The only thing that's certain is that the more you're able to provide for yourself, the less things like inflation will hurt you.
Jim Aldridge wrote:If you were designing a homestead in a way to save money as the costs of groceries increase, what would you focus on? I know that certain items, like eggs, are cheap enough in the store that you can buy them about as easily as you can produce them. What are the animals and vegetables that can be produces on a homestead that will actually make the process make the most sense from an economic perspective?
Nathan Watson wrote:
Raising your own animal products such as eggs might not be quite the inflation-beating bargain you'd think it is. It takes many pounds of feed moved through the supply chain to produce one pound of eggs in your own henhouse. By the time you've paid for all those costs of buying the food at the farm store, and the logistics of getting it there, you're almost better off just buying eggs that come from a centralized location where they buy feed by the truckload. Smaller animals such as goats, sheep, small pig breeds, and chickens are more practical for the farmer who only wishes to feed their own family, although if you aren't growing food for your livestock you've still got that issue of having to buy food for them. One cow can produce 8 gallons of milk a day, or 400 Lbs of meat. What you'd do with all that milk or meat would have to be determined.
Staple crops such as wheat, barley, and dry beans aren't very practical to grow at home from an economic perspective. You can't compete with the efficiency of machines that plant or harvest a whole field in a day. So as long as we're talking about 10% inflation, not a true SHTF scenario, then staple grains aren't something you'd really need to be growing.
John Wolfram wrote:My county assessor indicated that property value assessments are going up 18% next year, so property taxes will also be going up that much. When looking for a homestead, give special consideration to ones that have features that aren't taxed heavily. For example, a basement is taxed far less than a main floor, so a 1800 square foot house with a 900 square foot basement and 900 square foot main floor will often be taxed much less than a house with just a 1200sqft main floor. Similarly, ag land in my area is taxed based on how good it would be for producing corn and soy, so something that would be tough on a combine means lower taxes.
Tauni Szabados wrote:Might be a little off topic but reading people talk about electricity and how expensive it is or how it might be needed for a few necessary items.

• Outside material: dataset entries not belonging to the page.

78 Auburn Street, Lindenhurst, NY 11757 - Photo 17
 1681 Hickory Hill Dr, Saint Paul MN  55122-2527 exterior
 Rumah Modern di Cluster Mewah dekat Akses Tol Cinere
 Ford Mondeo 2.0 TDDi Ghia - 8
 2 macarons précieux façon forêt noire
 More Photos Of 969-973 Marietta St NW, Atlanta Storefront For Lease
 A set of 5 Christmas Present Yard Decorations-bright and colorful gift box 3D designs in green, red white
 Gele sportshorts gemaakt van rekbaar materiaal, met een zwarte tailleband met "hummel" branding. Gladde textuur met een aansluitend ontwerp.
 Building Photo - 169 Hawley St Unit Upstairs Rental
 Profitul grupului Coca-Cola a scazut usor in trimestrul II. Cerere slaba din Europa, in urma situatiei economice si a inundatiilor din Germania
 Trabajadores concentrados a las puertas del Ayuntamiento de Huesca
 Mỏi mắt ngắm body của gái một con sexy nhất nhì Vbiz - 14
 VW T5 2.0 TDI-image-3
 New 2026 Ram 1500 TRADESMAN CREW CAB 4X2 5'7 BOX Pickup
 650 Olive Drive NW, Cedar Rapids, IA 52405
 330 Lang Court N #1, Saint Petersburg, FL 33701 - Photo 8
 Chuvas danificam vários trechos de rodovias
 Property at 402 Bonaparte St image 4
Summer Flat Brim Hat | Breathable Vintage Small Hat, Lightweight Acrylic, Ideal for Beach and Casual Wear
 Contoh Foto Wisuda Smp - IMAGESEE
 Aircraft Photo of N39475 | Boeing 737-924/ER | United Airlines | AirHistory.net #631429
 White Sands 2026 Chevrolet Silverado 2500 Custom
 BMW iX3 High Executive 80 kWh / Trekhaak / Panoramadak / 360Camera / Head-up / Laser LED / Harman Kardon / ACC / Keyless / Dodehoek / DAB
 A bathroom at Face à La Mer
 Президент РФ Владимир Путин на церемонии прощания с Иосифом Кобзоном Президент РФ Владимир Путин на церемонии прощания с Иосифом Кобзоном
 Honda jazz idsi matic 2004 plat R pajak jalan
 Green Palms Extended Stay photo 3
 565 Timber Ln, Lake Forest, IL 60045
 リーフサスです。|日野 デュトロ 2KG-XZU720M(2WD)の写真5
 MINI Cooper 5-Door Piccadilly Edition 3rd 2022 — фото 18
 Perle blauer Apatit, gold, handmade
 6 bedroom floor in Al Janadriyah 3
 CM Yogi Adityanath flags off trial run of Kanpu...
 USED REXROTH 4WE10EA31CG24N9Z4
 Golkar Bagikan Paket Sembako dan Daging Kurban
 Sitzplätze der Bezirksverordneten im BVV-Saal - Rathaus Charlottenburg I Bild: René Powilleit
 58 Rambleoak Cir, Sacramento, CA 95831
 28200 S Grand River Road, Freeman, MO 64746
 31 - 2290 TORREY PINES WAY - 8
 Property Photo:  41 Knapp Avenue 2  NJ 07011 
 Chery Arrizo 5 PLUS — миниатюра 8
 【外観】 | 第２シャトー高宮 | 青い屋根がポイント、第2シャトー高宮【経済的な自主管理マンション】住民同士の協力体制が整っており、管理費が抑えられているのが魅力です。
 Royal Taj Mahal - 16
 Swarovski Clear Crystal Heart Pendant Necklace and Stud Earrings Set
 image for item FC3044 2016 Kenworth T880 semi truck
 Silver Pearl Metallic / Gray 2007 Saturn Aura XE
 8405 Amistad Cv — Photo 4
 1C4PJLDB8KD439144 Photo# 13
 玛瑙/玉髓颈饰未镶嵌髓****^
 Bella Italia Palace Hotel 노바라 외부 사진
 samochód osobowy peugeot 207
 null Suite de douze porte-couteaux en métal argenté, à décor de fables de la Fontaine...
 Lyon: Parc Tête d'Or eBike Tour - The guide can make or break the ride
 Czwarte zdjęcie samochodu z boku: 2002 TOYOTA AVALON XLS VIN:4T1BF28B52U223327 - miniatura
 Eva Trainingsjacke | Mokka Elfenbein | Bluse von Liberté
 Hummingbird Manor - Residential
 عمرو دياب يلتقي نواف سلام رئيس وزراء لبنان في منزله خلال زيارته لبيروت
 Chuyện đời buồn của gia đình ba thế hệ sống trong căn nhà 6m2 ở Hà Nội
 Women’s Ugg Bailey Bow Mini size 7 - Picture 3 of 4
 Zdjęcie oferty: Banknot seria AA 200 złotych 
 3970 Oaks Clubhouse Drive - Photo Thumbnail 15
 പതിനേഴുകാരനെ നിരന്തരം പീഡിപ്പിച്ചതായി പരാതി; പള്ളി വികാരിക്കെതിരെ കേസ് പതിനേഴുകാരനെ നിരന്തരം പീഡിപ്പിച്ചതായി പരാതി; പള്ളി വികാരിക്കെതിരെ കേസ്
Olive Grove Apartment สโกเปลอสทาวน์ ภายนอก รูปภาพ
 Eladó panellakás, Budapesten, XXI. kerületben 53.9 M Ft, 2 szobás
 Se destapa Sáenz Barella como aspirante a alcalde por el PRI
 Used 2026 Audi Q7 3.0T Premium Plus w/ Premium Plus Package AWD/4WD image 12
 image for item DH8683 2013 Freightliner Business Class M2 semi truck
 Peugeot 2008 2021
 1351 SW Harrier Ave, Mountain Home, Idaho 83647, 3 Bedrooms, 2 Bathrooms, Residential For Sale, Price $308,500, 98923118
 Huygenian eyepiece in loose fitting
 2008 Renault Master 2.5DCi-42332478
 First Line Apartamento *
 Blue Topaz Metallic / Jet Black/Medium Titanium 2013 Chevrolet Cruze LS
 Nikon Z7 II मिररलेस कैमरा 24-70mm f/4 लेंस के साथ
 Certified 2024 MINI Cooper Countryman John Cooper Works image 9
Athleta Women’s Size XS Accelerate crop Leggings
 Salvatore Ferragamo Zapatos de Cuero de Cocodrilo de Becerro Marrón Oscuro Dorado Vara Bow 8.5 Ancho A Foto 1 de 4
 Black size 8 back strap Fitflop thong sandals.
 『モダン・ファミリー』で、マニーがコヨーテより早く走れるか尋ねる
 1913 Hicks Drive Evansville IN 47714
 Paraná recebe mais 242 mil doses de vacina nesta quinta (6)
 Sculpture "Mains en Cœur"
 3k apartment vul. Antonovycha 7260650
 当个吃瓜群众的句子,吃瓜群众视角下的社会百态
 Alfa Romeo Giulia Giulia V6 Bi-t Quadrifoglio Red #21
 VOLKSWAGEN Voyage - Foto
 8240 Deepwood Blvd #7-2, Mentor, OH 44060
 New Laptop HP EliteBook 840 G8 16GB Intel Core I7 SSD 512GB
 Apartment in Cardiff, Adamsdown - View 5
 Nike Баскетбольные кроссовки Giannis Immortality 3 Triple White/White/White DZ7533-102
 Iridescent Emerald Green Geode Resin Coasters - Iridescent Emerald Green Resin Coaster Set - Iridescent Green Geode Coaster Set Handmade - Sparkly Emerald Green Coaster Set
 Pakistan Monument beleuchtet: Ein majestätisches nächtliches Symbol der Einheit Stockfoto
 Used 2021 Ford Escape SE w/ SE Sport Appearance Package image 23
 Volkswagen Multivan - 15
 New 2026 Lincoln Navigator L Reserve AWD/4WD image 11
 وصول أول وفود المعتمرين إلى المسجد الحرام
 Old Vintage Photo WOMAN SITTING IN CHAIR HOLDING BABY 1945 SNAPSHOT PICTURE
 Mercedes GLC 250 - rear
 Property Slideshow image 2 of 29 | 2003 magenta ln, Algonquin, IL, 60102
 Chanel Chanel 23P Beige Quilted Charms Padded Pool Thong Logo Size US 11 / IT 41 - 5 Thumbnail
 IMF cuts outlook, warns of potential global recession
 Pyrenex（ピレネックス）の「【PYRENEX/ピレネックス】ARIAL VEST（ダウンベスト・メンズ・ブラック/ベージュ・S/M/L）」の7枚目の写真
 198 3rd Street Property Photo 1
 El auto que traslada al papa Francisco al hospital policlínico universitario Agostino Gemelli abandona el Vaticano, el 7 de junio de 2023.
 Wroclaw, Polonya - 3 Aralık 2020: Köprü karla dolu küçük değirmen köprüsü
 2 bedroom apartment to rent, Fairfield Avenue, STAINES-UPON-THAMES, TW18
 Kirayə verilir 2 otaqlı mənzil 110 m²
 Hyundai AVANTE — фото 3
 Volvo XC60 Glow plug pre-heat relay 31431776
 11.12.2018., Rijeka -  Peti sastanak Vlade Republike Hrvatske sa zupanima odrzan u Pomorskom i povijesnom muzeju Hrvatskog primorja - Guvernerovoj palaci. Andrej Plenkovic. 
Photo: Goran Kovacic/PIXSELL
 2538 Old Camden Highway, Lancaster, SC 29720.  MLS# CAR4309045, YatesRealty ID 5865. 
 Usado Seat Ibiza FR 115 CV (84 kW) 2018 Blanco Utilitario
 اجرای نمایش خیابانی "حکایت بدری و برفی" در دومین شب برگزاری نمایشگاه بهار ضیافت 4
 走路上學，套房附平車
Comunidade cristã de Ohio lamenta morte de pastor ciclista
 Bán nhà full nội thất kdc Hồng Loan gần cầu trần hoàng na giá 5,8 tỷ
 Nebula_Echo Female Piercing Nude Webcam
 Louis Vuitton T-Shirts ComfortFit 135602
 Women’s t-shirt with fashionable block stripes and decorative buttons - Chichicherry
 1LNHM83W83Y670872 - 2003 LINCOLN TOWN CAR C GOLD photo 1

Tauni Szabados wrote:Might be a little off topic but reading people talk about electricity and how expensive it is or how it might be needed for a few necessary items. I was wondering(and I’m new to investigating solar😁) is there a good way to do solar panels for say just your hvac or just a freezer and a couple ac units? I ask because I live in Texas and I’m constantly trying to figure out how we would survive without electricity being that it gets sooo hot! But a full system of solar is sooo expensive too! I’m also looking into best water catchments due to droughts.